As far as I remember our 03 only had an air intake and grill on the inside behind the seat, the noise is the unit when at high power thats how they are, when on low they are less noisy.


----------



## erneboy

Bump again. Andysam please read my post a couple back, Alan.


----------



## Andysam

Just seen it, thanks Al.

Having read the manual the fan speed is NOT adjustable it is the temperature that is, the fan kicks in when needed to distribute the air.

Al, my heater is underneath the van (as it was on my Autocruise). I've previously installed a propex and that drew air from outside, I haven't looked closely at the Eber yet.


----------



## erneboy

Ah, I see Andysam. I must have posted pics for the wrong models then. Oh well better safe than sorry, Alan.


----------



## Vicky

*Digital Controller for eberspacher*

We have a Flash S3 which is a smaller version of the 03 and have the same heater fitted.

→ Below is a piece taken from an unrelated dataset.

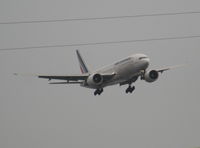 F-GSPE @ KLAX - Air France Boeing 777-228 (ER) F-GSPE, 7L approach KLAX. - by Mark Kalfas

We have always found it noisy as the heater tries to reach temperature

What we have found is that the heater goes full pelt to reach temperature and then fails to come back on when the temperature drops.

We have now had the dial controller changed for a digital controller, fantastic as we can now set a temperature acurately and do not seem to get the extremes of temperature, very reliable.  well worth considering, we had ours changed by Colchester Fuel Injection, a very helpfull company.


----------



## Andysam

Cheers Vicks. Already had mine changed to the 7 day digi timer  The heater is working so this is a long way down my list to resolve :lol: One day :!:


----------



## nipperdin

*Eberspacher Airtronic Forum*

When the internal electronic control unit went on our Eberspacher D4 it was replaced by
Krueger Ltd
Unit 16
Queensway
Stem Lane Industrial Estate
New Milton
Hants

01425 619869

They were very helpful.
The Caravan Club New Centenary site is fairly near if you need to stay overnight.


----------